The best-selling author of tearjerkers like Angel Falls (2000) serves up yet another mountain of mush, topped off with...

Talk-show queen takes tumble as millions jeer.

Nora Bridges is a wildly popular radio spokesperson for family-first virtues, but her loyal listeners don't know that she walked out on her husband and teenaged daughters years ago and didn't look back. Now that a former lover has sold racy pix of naked Nora and horny himself to a national tabloid, her estranged daughter Ruby, an unsuccessful stand-up comic in Los Angeles, has been approached to pen a tell-all. Greedy for the fat fee she's been promised, Ruby agrees and heads for the San Juan Islands, eager to get reacquainted with the mom she plans to betray. Once in the family homestead, nasty Ruby alternately sulks and glares at her mother, who is temporarily wheelchair-bound as a result of a post-scandal car crash.

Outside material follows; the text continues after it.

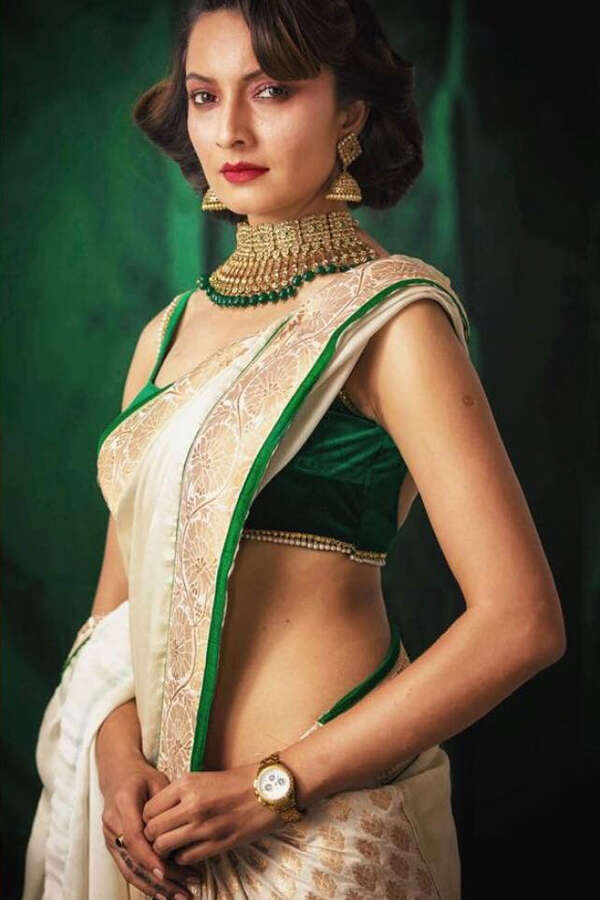 Unnati Davara Images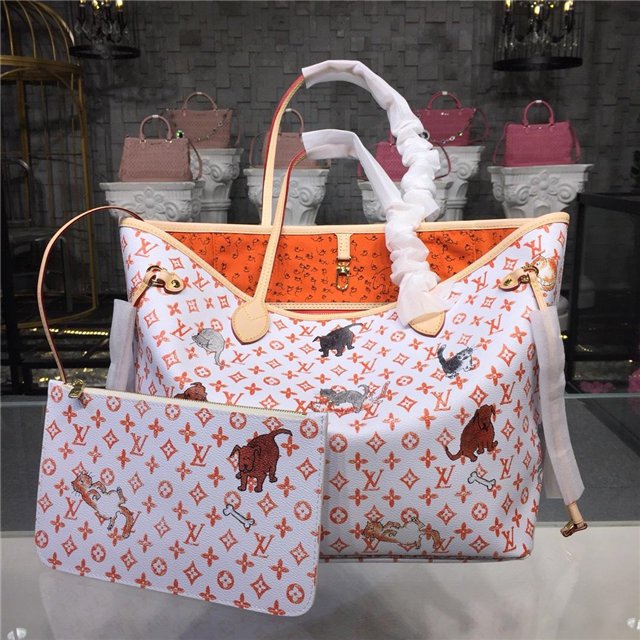 Louis Vuitton Monogram canvas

Uncaring, Ruby begins writing her side of the story when she's not strolling on the beach with former sweetheart Dean Sloan, the son of wealthy socialites who basically ignored him and his gay brother Eric. Eric, now dying of cancer and also in a wheelchair, has returned to the island. This dismal threesome catch up on old times, recalling their childhood idylls on the island. After Ruby's perfect big sister Caroline shows up, there's another round of heartfelt talk. Nora gradually reveals the truth about her unloving husband and her late father's alcoholism, which led her to seek the approval of others at the cost of her own peace of mind. And so on. Ruby is aghast to discover that she doesn't know everything after all, but Dean offers her subdued comfort. Happy endings await almost everyone—except for readers of this nobly preachy snifflefest.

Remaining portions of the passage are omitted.